▶ _WHAT IS EXPECTED_:
In the reply, give back exactly the lines from the one with "Etchglass - Decorative" through the last line of the records, without pictures.

▶ _SOURCE DATA_:
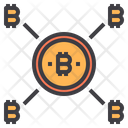 پیش‌نمایش فایل bitcoin-network-1709088 از پک ارز دیجیتال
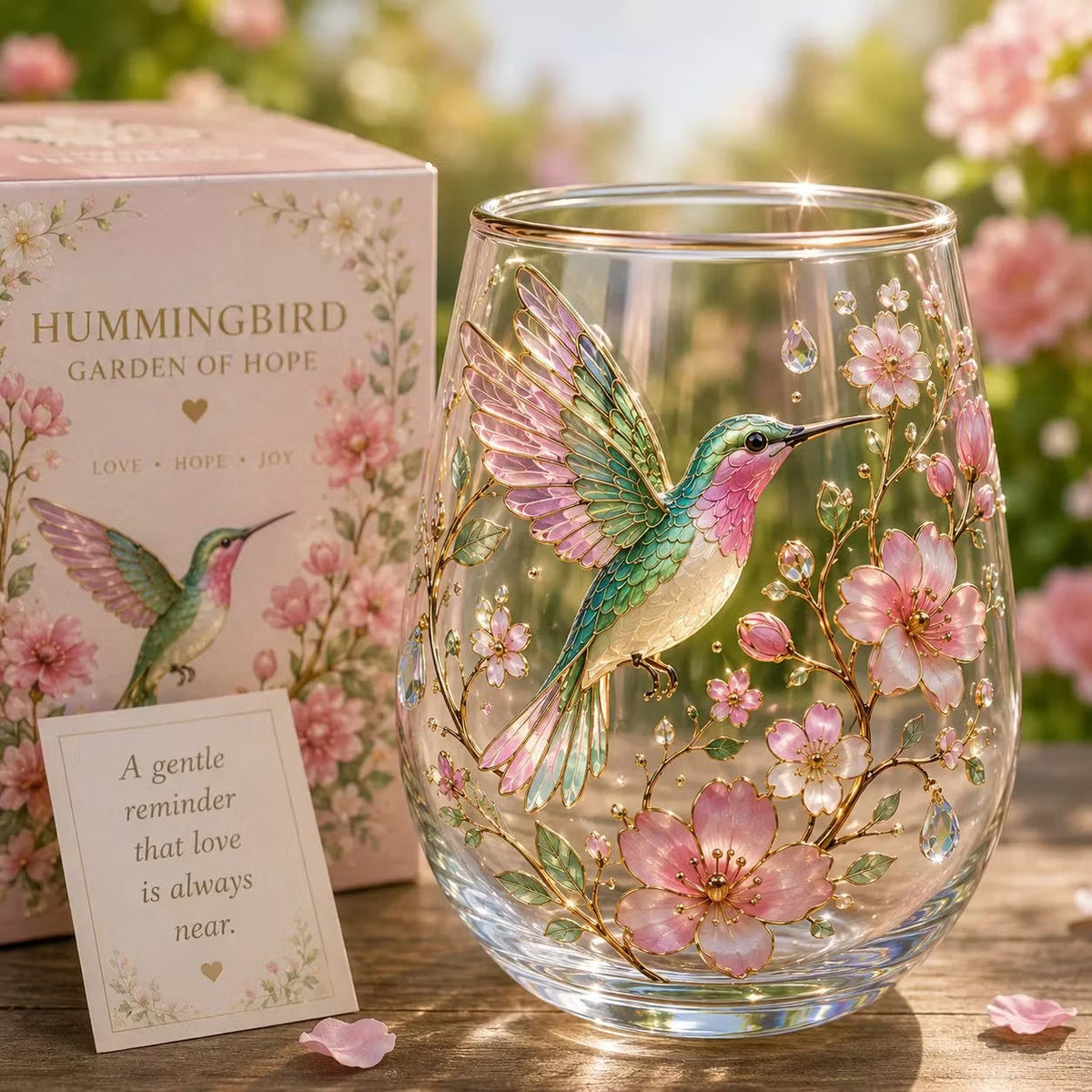 Etchglass - Decorative Glass With Intricate Design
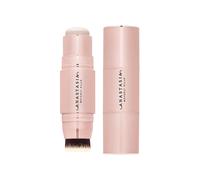 Anastasia Beverly Hills - Stick Iluminadores 8 g Pink Diamond
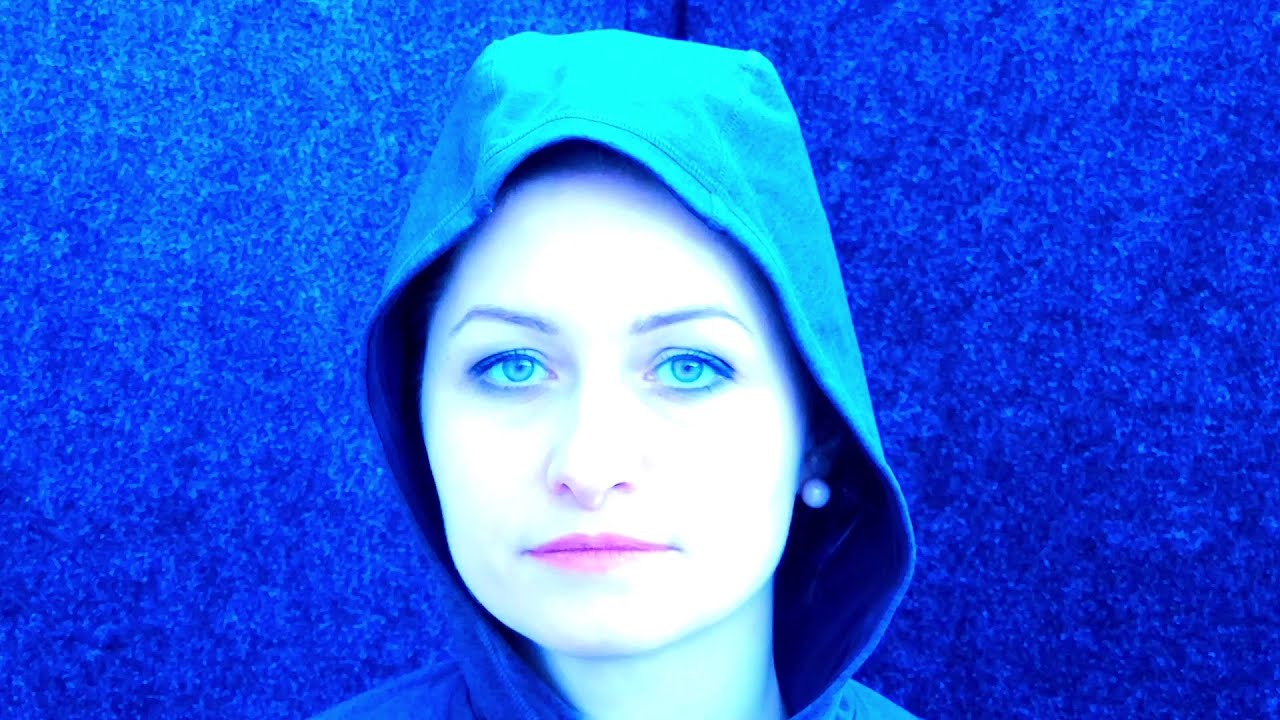 Trio Plus: Spróbować  życia (Official Music Video)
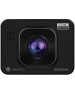 NAVITEL Видеорегистратор R250 DUAL DVR черный 1Mpix 1080x1920 1080p 140гр. AC5401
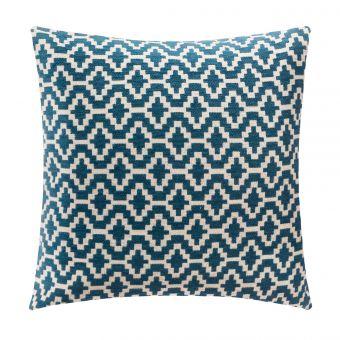 S5-HOUSSE COUSSIN 40X40CM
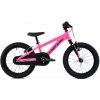 DETSKÝ BICYKEL CAPRIOLO LC KID 16 PINK DETSKÝ BICYKEL CAPRIOLO LC KID 16 PINK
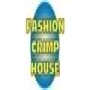 Fashion Crimp House-Nirvana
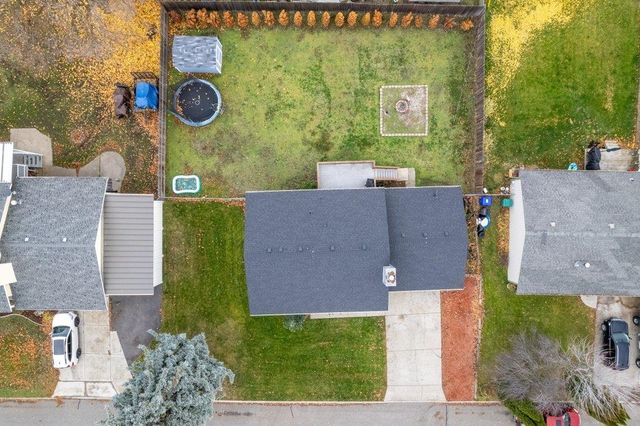 1120 N Warren Rd, Spokane Valley, WA 99216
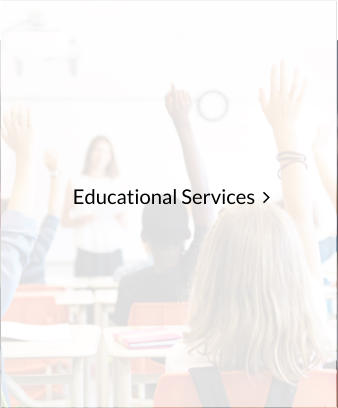 Educational Services  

▶ _SOLVED EXERCISE_:
 Etchglass - Decorative Glass With Intricate Design
 Anastasia Beverly Hills - Stick Iluminadores 8 g Pink Diamond
 Trio Plus: Spróbować  życia (Official Music Video)
 NAVITEL Видеорегистратор R250 DUAL DVR черный 1Mpix 1080x1920 1080p 140гр. AC5401
 S5-HOUSSE COUSSIN 40X40CM
 DETSKÝ BICYKEL CAPRIOLO LC KID 16 PINK DETSKÝ BICYKEL CAPRIOLO LC KID 16 PINK
 Fashion Crimp House-Nirvana
 1120 N Warren Rd, Spokane Valley, WA 99216
 Educational Services  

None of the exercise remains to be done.